Hoy apenas se le conoce, casi ni se le menciona y engrosa el listado de los olvidados. Vivió solo 28 años y en lo literario se le señalan influencias de la poesía de Julián del Casal, a quien admiró. La bohemia consuetudinaria exacerbó su tendencia al consumo de drogas y aceleró el declive de su salud inestable, aunque no quiere decir ello que dejara de escribir, de producir versos, dar que hablar y merecer favorables comentarios críticos.
Las circunstancias de su muerte constituyeron un mensaje de doble lectura: alertaron acerca de los peligros de la droga y lo insertaron en el anecdotario literario cubano. El periodista Félix Soloni lo contaría así muchos años después.

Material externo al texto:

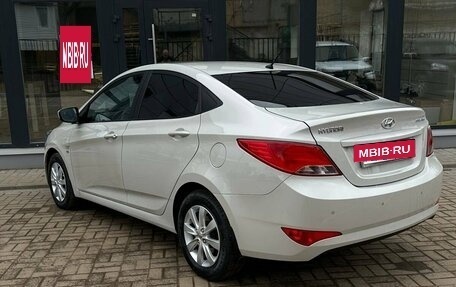 Hyundai Solaris II рестайлинг, 2015 год, 1 100 000 рублей, 2 фотография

La prensa de La Habana del 13 de mayo de 1909 y de los días posteriores, aunque llena de notas de policía, guardó discreto y respetuoso silencio sobre la muerte de un poeta joven que tenía los ojos azules y que tras una cena opípara puso fin a sus días en un restaurante de la Manzana de Gómez, donde hoy está el Salón H.
Los datos sobre su espectacular suicidio los conozco de boca de su primo, Antonio López Loyola (el Calvo López), que los contaba como una de las cosas raras de sus parientes.
Se afirma que después de cenar, René López extrajo de su bolsillo un pomito de cianuro, lo mezcló con la bebida y cuando el camarero se acercó, escuchó sus últimas palabras, cargadas de humor negro: «Dígale al dueño que esta comida la vaya a cobrar en el infierno».
René López escribió estos versos que pueden ser tomados para su epitafio:
Hermanos yo no tengo, ni escudo ni nobleza;
yo soy un sacerdote de la diosa Belleza
que ha soñado tus versos y tu melancolía.
El Instituto Cubano del Libro publicó años atrás una antología de sus textos. Está en pie la invitación para, cuando menos, echarle un vistazo y conocer un poquito más acerca de este poeta, que llevó dentro de sí la efervescencia de un volcán a punto de entrar en erupción y que un día efectivamente lo hizo.